Como já disse, eu raramente bebo; e também raramente se passa um dia sem que eu me arrependa de alguma coisa. E me arrependi de ter sido grosseiro com você. Me arrependi tanto e imediatamente que, logo depois, parei num barzinho de mesas na calçada, enquanto observava você se afastando magoada, sua saia longa demais escondendo suas pernas finas e coxas magras, certamente cheias de pelos ensebados e fedorentos, porque talvez seu Deus também a proíba de usar sabonete Dove

Como ainda era muito cedo e eu era o primeiro cliente; e como a moça que veio à mesa me atender era infinitamente mais bonita do que você (e devia até usar Dermacyd Neutralize), eu pedi uma cerveja. Quando ela perguntou qual marca eu queria beber, eu pedi pra ela escolher: pra mim todas têm gosto de xixi gelado. Mas não disse isso pra ela, é claro. E também nunca bebi xixi gelado, só pra você saber. Na verdade, eu nunca bebi xixi de jeito nenhum. Enquanto a moça do bar não voltava, eu fiquei pensando em como puxar assunto. Você sabe: não custava nada soltar umas gracinhas e tentar a sorte, afinal, ela era muito bonita mesmo. Não, você não sabe. Você não frequenta barzinhos, muito menos leva cantada.

Mas, aí, meus olhos se voltaram pra você de novo. Era uma rua longa e bem iluminada. Ainda podia ver sua bunda chocha, seus quadris duros e seu cocó de moça de igreja. Mas sua figura longilínea e seu andar suave prenderam minha atenção como a angústia costuma prender o choro. E, de repente, eu desejei ter deixado você ler aquele trecho da Bíblia que você estava marcando tão aflitamente com seu dedinho. Foi quando você se virou na minha direção. E ficou imóvel, me olhando. Eu congelei. O Inferno congelou. Eu te magoei.

No que você estava pensando, ali parada, olhando pra mim?
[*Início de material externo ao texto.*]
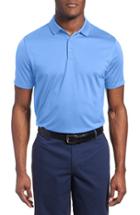 Men's Nike 'victory Dri-fit Golf Polo - Blue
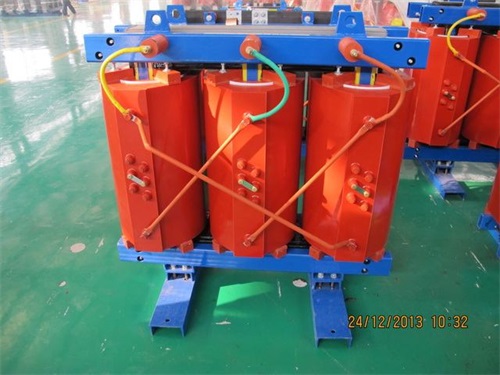 阳江SCB12-200KVA/10KV/0.4KV干式变压器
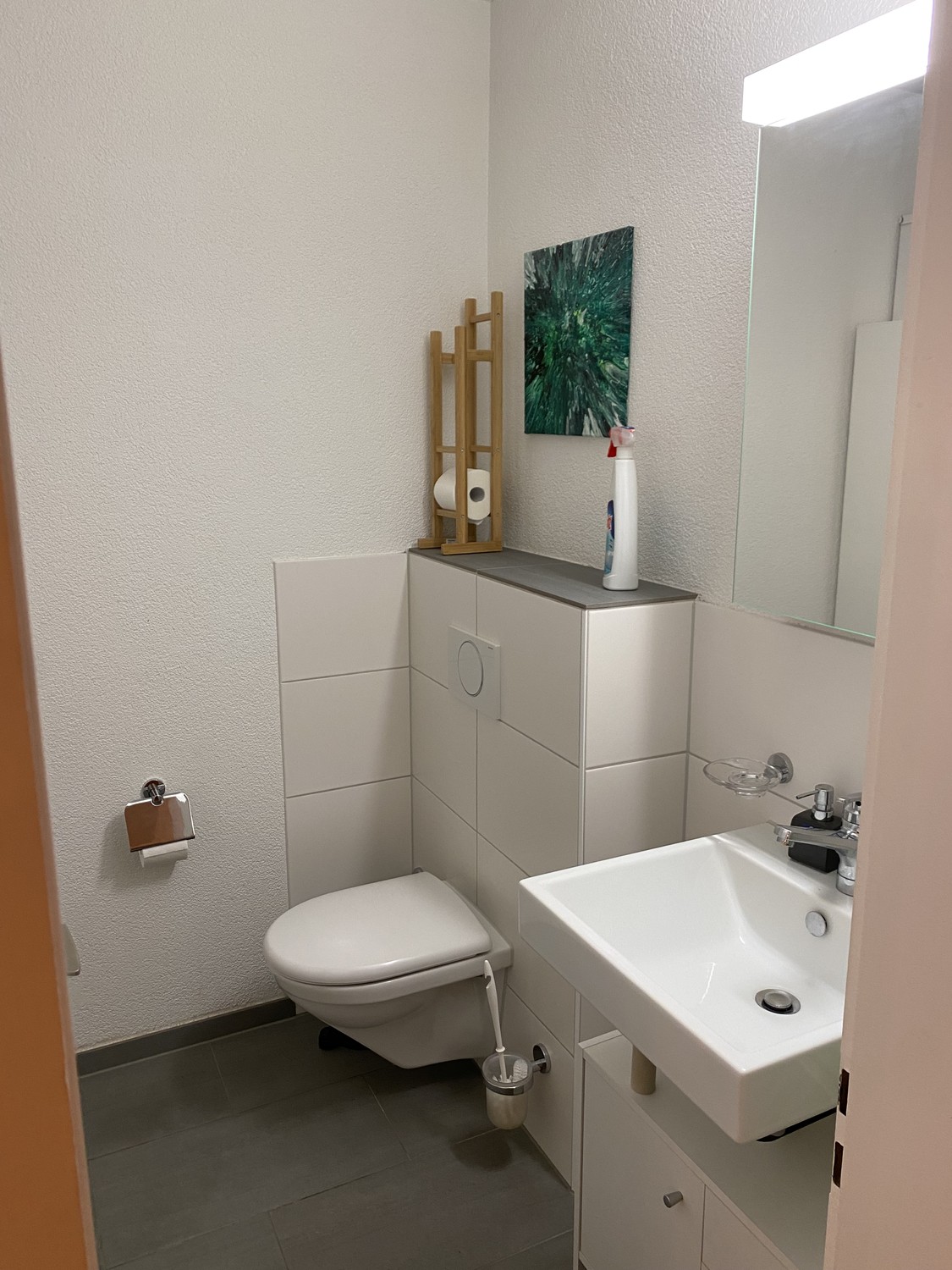 Appartamento di 4 ½ locali, foto 5 di 9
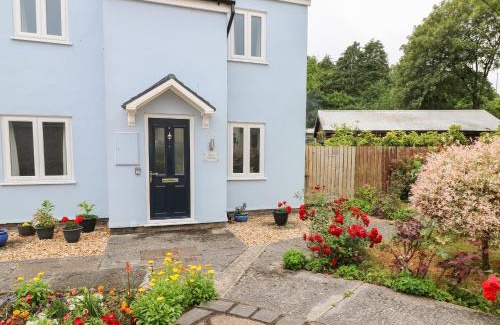 Laugharne Casa | Mews Cottage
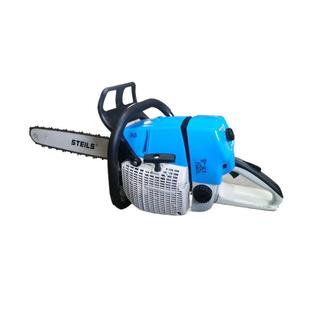 大功率油锯二冲程5400w大功率伐木汽油锯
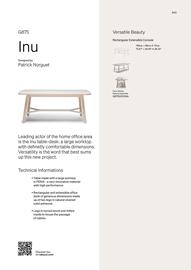 Natuzzi leták Strana 443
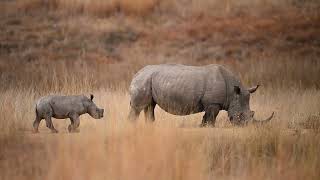 A special World Rhino Day interview [upl. by Corinne]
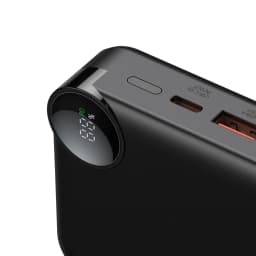 پاوربانک مک دودو مدل MC-3870 ظرفیت 10000 میلی‌آمپر ساعت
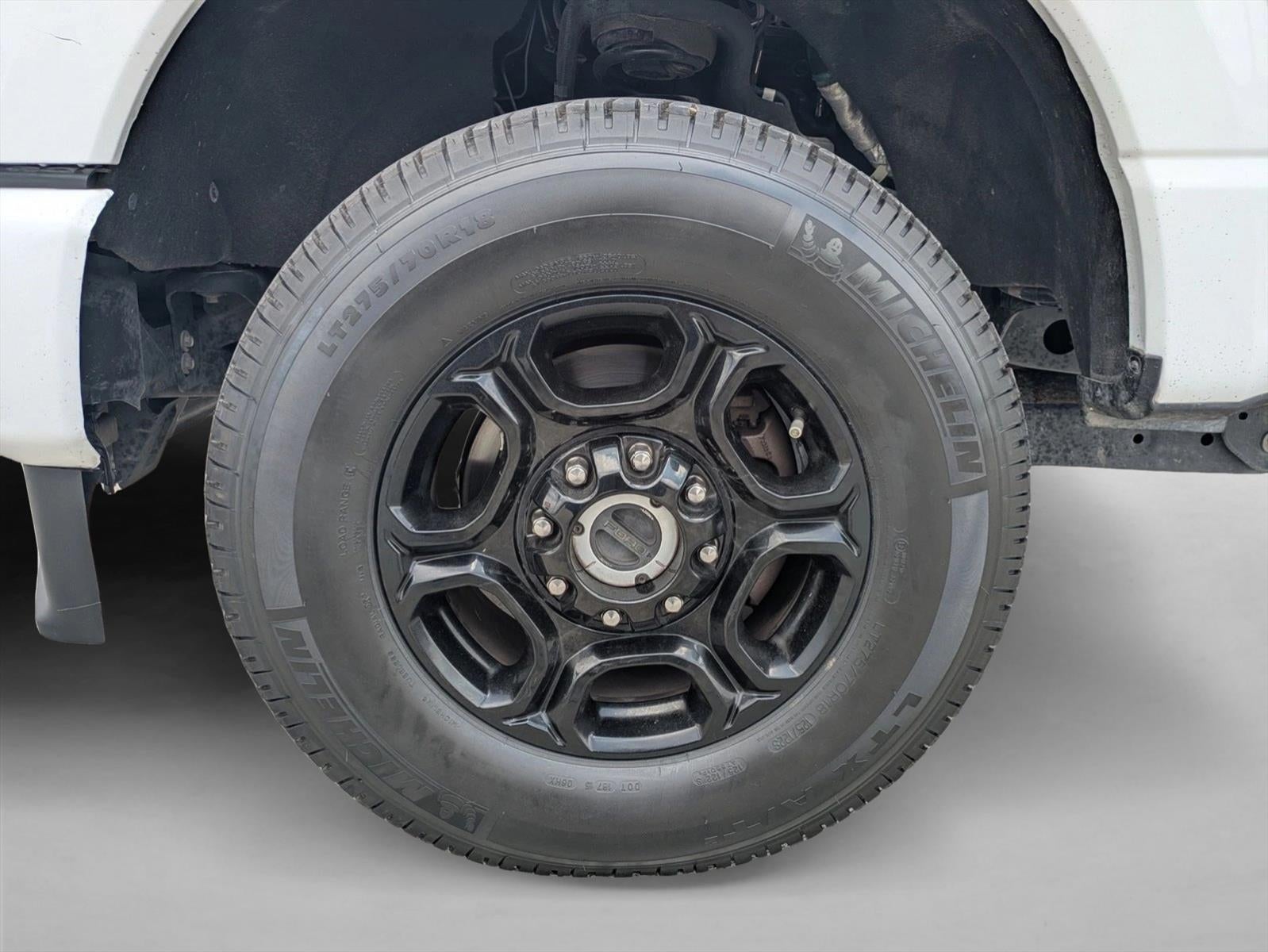 2024 Ford F-250 XL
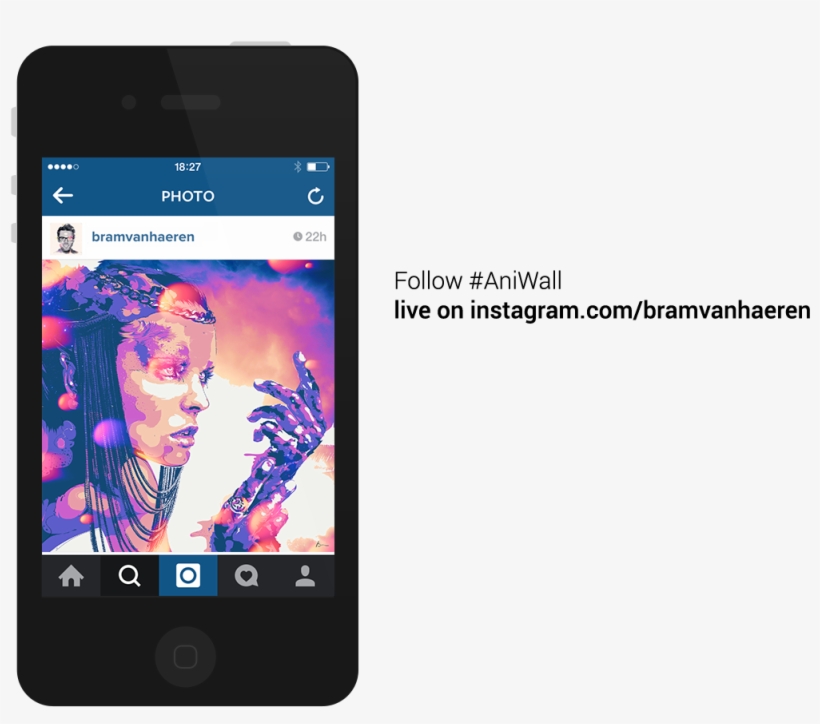 Share - Smartphone, transparent png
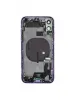 iPhone 11 için Önceden Takılmış Küçük Bileşenlerle Arka Muhafaza (Mor) iPhone 11 için Önceden Takılmış Küçük Bileşenlerle Arka Muhafaza (Mor)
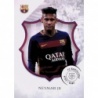 Offer Cards Neymar Jr 2024-25 Topps FC Barcelona 125 Years Anniversary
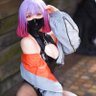 karaageman_kana's profile picture. 新垢▶️@karaageman_mo￤好きなことを好きなだけ￤Fantia ▷ https://t.co/rjsdv1Clc7￤🖥️Apex・CoD・gta￤企業ブースでのコスプレ経験あります○￤お仕事やご相談は▷karaageman.kana@gmail.com またはDMへお願いいたします📮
Eu não sei. E também não sei quanto tempo demorou aquilo. O que eu sei foi que a linda garçonete veio e foi embora, me deixando sozinho com uma cantada que perdeu a vontade de existir, e com uma garrafa preta de xixi gelado que eu tomei mais para me punir do que por qualquer outra coisa.

O interessante é que sempre que passo perto de um bar, meus olhos de vampiro aposentado me obrigam a contemplar o eterno desespero da existência humana disfarçado nesse ritual de socialização e acasalamento, em que cada lata de cerveja se destina a resfriar, por algumas poucas horas, o inferno de cada um. Hoje você foi o meu inferno.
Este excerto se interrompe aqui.